Увидев ребенка, столкнувшись с. ужасной несправедливостью, молодые люди часто уходят домой в слезах. Или же без слез, но в ярости. Размышления об увиденном не оставляют их порой неделями, а то и годами. Но время идет, и они начинают понимать, что, даже если ребенка выпустить, не так уж много прока будет ему от его свободы — конечно, он сможет ощутить смутное неглубокое удовольствие от тепла и сытости, но что-то большее — едва ли. Он слишком слабоумен и неразвит, чтобы познать истинную радость. Он так долги боялся что никогда уже не освободится от страха. Привычки его слишком просты, чтобы он мог участвовать в нормальном человеческом общении. Он столько времени провел в своем подвале, что ему, пожалуй, будет недоставать защищавших его стен, привычной для глаза темноты и нечистот вокруг. Когда молодые люди начинают понимать и принимать эту жуткую правду реальности, слезы, вызванные ощущением горькой несправедливости, высыхают. Но, видимо, именно их слезы и злость, испытание их щедрости и осознание собственной беспомощности — вот истинные источники великолепия жизни в Омеласе. Их счастье отнюдь не беспечно и не бессодержательно. Жители Омеласа понимают, что они, как и ребенок, не свободны. Они знают сострадание. Именно существование ребенка и их осведомленность о его существовании придают благородство их архитектуре, остроту их музыке, глубину проникновения их науке. Именно из-за ребенка они так добры к детям. Они знают: не будь этого несчастного, хнычущего в темноте ребенка, тот, другой, что сжимал в руках флейту, не смог бы играть веселую музыку, пока молодые наездники во всей своей красе готовятся к скачкам под яркими лучами солнца в первое утро лета.
Теперь вы поверили в них? Разве не выглядят они теперь правдоподобнее? Но есть еще кое- что, о чем я хотела рассказать, и вот это уже действительно неправдоподобно.

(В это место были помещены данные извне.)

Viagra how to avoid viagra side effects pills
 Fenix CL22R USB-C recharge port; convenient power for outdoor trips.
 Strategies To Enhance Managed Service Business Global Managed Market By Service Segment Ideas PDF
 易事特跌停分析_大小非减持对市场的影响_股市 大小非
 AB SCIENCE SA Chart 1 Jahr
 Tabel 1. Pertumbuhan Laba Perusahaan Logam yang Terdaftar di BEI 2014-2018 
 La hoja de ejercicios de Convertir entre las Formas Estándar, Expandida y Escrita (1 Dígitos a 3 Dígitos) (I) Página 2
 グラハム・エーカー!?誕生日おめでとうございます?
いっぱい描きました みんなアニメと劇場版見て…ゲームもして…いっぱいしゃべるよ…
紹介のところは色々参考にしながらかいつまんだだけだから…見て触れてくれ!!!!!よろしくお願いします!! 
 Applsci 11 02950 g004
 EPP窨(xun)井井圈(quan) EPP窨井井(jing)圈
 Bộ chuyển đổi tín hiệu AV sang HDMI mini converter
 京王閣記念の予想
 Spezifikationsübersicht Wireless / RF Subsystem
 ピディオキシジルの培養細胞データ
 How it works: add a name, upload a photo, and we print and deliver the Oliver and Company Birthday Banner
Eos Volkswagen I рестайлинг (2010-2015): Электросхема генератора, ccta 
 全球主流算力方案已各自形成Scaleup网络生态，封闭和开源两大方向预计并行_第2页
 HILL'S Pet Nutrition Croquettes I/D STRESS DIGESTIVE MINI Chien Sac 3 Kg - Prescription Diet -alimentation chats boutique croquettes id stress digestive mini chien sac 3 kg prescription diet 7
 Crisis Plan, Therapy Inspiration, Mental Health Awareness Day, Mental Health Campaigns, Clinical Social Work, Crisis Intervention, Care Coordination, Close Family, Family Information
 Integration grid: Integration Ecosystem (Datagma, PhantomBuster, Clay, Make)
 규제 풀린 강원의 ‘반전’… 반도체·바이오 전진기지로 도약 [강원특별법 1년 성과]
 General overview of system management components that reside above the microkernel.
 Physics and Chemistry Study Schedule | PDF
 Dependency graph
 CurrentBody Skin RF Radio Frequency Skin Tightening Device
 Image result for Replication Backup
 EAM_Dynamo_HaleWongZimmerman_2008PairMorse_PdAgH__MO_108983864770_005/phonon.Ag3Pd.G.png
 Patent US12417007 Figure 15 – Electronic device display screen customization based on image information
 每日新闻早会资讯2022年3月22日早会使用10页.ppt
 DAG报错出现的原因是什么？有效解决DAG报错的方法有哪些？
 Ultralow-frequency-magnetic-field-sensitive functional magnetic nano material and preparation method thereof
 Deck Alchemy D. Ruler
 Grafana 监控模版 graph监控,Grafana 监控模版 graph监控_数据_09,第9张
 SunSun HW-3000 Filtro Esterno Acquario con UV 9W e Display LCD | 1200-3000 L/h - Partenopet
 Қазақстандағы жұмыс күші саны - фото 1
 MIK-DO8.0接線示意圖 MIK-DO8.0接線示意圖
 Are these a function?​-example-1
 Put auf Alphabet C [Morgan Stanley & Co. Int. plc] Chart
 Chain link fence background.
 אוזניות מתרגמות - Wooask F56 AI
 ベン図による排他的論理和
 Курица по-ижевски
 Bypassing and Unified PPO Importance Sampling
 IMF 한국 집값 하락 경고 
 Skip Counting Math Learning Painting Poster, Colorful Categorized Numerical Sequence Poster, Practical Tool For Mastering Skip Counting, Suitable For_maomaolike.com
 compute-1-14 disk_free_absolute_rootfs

Время от времени юноши и девушки, ходившие посмотреть на ребенка, не возвращаются домой в слезах или в ярости. Они, строго говоря, вообще не возвращаются домой. Да и мужчины или женщины зрелых лет иногда впадают вдруг в задумчивость, а затем уходят из дома. Эти люди выходят на улицу и в одиночестве идут по дороге. Они идут и идут, они уходят из Омеласа через прекрасные городские ворота. Они проходят мимо ферм и полей близ Омеласа, каждый из них сам по себе, будь то юноша или девушка, мужчина или женщина. Опускается ночь, а путешественники все идут по улицам поселков, мимо домов со светящимися желтыми окнами, дальше и дальше в черноту полей. По одиночке, на север или на запад, они идут к горам. Идут и идут. Они покидают Омелас, уходят во тьму и никогда больше не возвращаются. То место, куда они идут, большинству из нас представить еще труднее, чем город счастья. Я не могу его описать. Возможно, такого места просто не существует. Но они, похоже, знают, куда идут. Те, кто покидают Омелас.